Lumen Maintenance: A measure of how a lamp maintains its light output over time. It is often expressed as percent initial lumens vs. percent rated life.
Lumens Per Watt: A measurement of the efficacy of a light source in terms of the light produces by the power consumed. For example a 100 watt lamp producing 1750 lumens give 17.5 lumens per watt.
Luminaire: The international term for a complete lighting unit consisting of a lamp (or lamps), together with the parts designed to distribute the light, position and protect lamps and connect them to the power supply.
Luminaire Efficiency: The ratio of lumens emitted by a Luminaire to those emitted by the lamp or lamps used.
Luminance: Measurable quantity (candelas per square inch or per square meter) which is related to perceived brightness.

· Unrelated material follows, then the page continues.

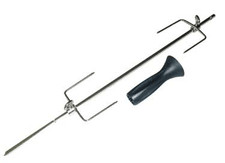 TOURNE BROCHE COMPLET pour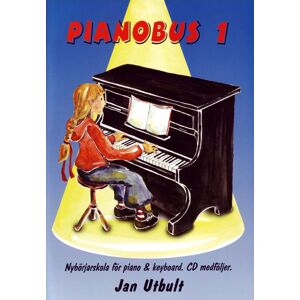 Notposten Pianobus 1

Lux: The ratio of lumens to surface. Measures the light that actually reaches the target. Lux varies depending upon how far away the target is from the light source and other environmental factors such as wall color, reflectors, etc. This is the SI (International System) unit of illumination. Generally, one lumen uniformly distributed over an area of one square meter.
Phosphor: A coating, deposited on the inner bulb surface of fluorescent lamp types. Phosphors are designed to absorb short wavelength ultraviolet radiation and to transform and emit it as visible light.
Power Factor (PF): A measure of how efficiently a device uses power. Power factor may range from 0 to 1, with 1 being the ideal. A device that converts all the power supplied to it by the power utility into watts is said to have a power factor of 1. Devices with PF greater than or equal to 0.90 are referred to as High Power Factor (HPF) devices, whereas devices with PF less than 0.60 are referred to as low power factor devices.. Incandescent lamps always have power factors close to 1.0 because they are simple “resistive” loads. The ballast used determines the power factor of a discharge lamp system. “High” power factor usually means a rating of 0.9 or greater. The power factor of “core and coil” electromagnetic ballasts may be as low as 0.5 – 0.6.
Soft glow / Opal: A fine white powder coating which produces a more even brightness than pearl where diffusion of the light is important.
Spotlight: Beam of light projected onto a particular object or location.
Striplight: Tubular shaped incandescent lightbulb used in bathroom shaver lights, picture lights and under-cupboard lighting. (See also Fluorescent Lamps)
Underwriters Laboratories (UL): A private organization which tests and lists electrical (and other) equipment for electrical and fire safety according to recognized UL and other standards. A UL listing is not an indication of overall performance. Lamps are not UL listed except for compact fluorescent lamp assemblies – those with screw bases and built-in ballasts.
Voltage: A measurement of the electromotive force in an electrical circuit or device expressed in volts. The voltage of a circuit is the electrical pressure it provides. In an incandescent lamp, voltage designates the supply voltage to which the lamp should be connected, and is related to current and power as follows: Voltage (Volts) = Power (Watts) / Current (Amps).